ASSIGNMENT:
From the line containing "Wohnzimmer in einer" to the last line of the data, both included, transcribe each line exactly, leaving out pictures and adding nothing.

DATASET SECTION:
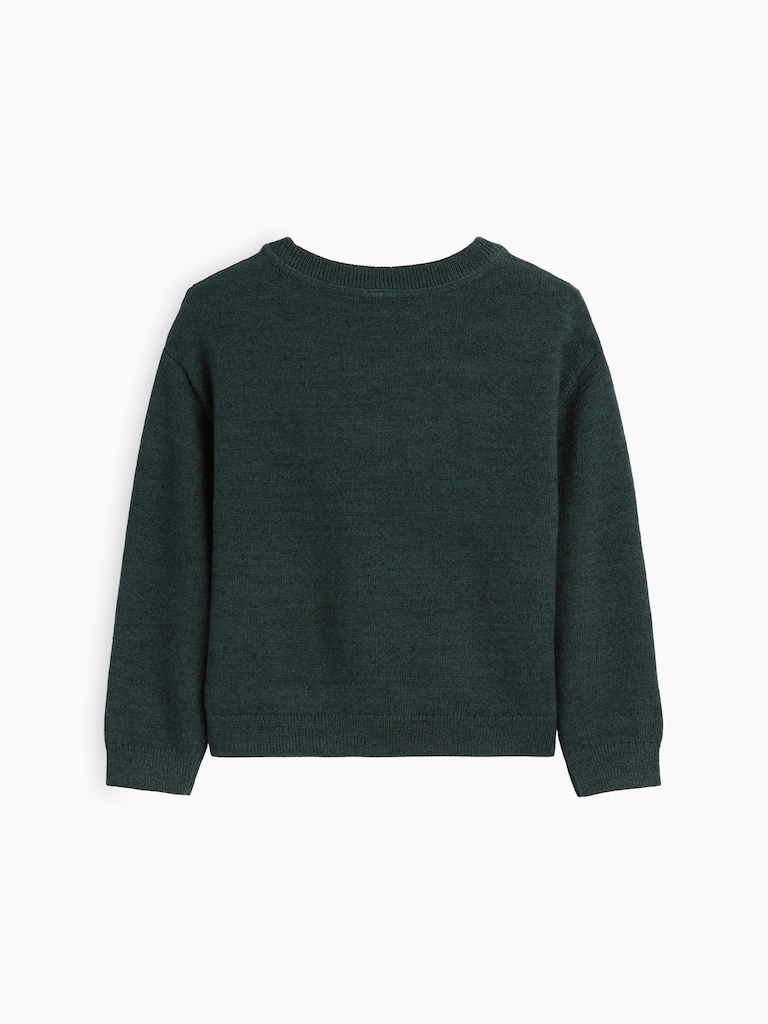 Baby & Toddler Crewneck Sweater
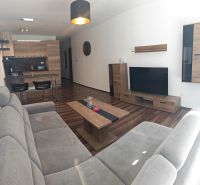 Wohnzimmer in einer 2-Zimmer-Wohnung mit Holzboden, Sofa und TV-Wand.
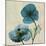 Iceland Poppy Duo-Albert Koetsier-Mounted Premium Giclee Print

EXERCISE OUTPUT:
 Wohnzimmer in einer 2-Zimmer-Wohnung mit Holzboden, Sofa und TV-Wand.
 Iceland Poppy Duo-Albert Koetsier-Mounted Premium Giclee Print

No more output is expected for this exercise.